Interface-driven phase stability enables co-sintered composite anodes for intrinsically safe all-solid-state-batteries

The development of all-solid-state batteries (ASSBs) is hindered by interfacial instability between solid-electrolytes (SEs) and Li metal anodes. In this work, we propose a co-sintered composite anode strategy based on Li₄Ti₅O₁₂ (LTO), a ‘zero-strain’ anode material, to address interfacial challenges in NASICON-type systems. Systematic investigations reveal that LTO undergoes progressive phase decomposition during co-sintering with Li_1.3Al_0.3Ti_1.7(PO₄)₃ (LATP) due to the thermodynamic driving force from Li chemical potential difference and the high reactivity of phosphate groups. In contrast, LTO maintains structural integrity and chemical compatibility up to 900 °C when co-sintered with Li_0.33La_0.56TiO₃ (LLTO).

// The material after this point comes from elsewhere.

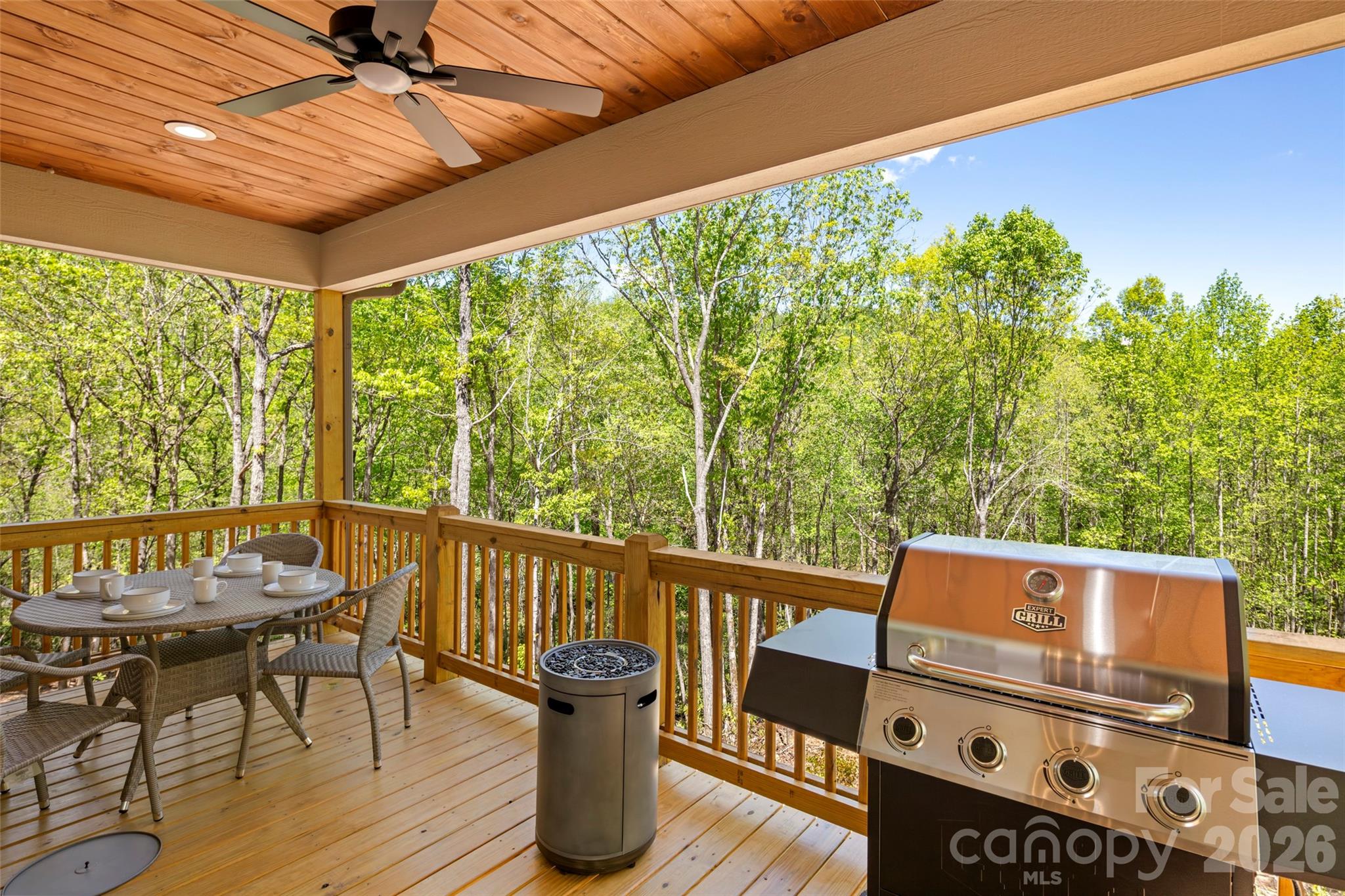 Single Family Residence at 233 Arcadia Falls Way, Black Mountain, photo 15 of 43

Additionally, thermodynamic instability between LATP and LLTO at high-temperatures is observed, indicating challenges in multi-electrolyte integration. Notably, the preferential Li loss from LLTO within the LTO+LLTO composite anode during co-sintering with LATP pellet exerts a protective effect for LTO, helping to maintain the structural integrity of LTO. Building upon these findings, an integrated (LTO+LLTO)|LATP bilayer structure is successfully fabricated via co-sintering at 600°C. This work offers critical insights into phase evolution and interfacial chemistry for coupling SEs with anode materials, guiding the rational design of co-sintering composite anodes and demonstrating a promising pathway toward intrinsically safe ASSBs.